The RIAA, MPAA, BPI, IFPI, NVPA - and all other acronyms of recording industry bodies that are lobbying governments – are right to focus on bringing their respective local legislative and judicial frameworks up to date. However it is crucial that a balance is struck The emphasis should be on establishing this bedrock upon which new service and product innovation can flourish, rather than simply trying to stem the digital tide King Canute-like.
Spain’s piracy problem appears to be testing content owner’s patience. Sony Pictures’ chairman Michael Lynton was reported yesterday as saying "People are downloading movies in such large quantities that Spain is on the brink of no longer being a viable home entertainment market for us."
Spain has long been the content piracy hub of Europe, both online and offline. Online music file sharing stands at over 30%, that’s more than double the European average. Movie and TV file sharing in Spain are both more than three times the European average. It is no coincidence that during the Spanish recorded music industry lost half its value last decade.
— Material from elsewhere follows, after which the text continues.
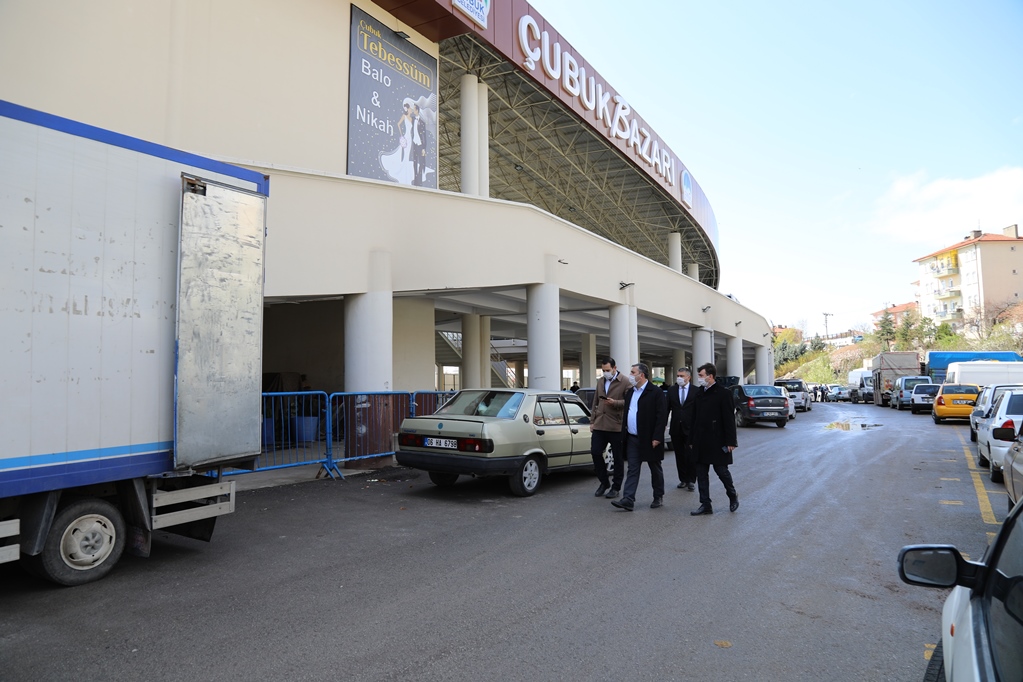 Çubuk'ta sokağa çıkma yasağı nedeniyle halk pazarının günü değişti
But that doesn’t justify Mr Lynton’s position. Like it loathe it (and if you’re a content owner it’s probably the latter) Spain is the shape of things to come. By that I don’t mean everyone is going to become a BitTorrent user, but consumers’ relationships with content is changing irrevocably. They increasingly just expect content to be there, and – also in growing numbers – don’t expect to pay a per unit fee for it. This is the Media Meltdown.
Instead of creating some sort of creative trade blockade around Spain – which of course will just force more Spaniards on to P2P networks to find Sony content – Sony and other content partners should invest their time and efforts instead on making Spain a test bed for content monetization models in the digital age.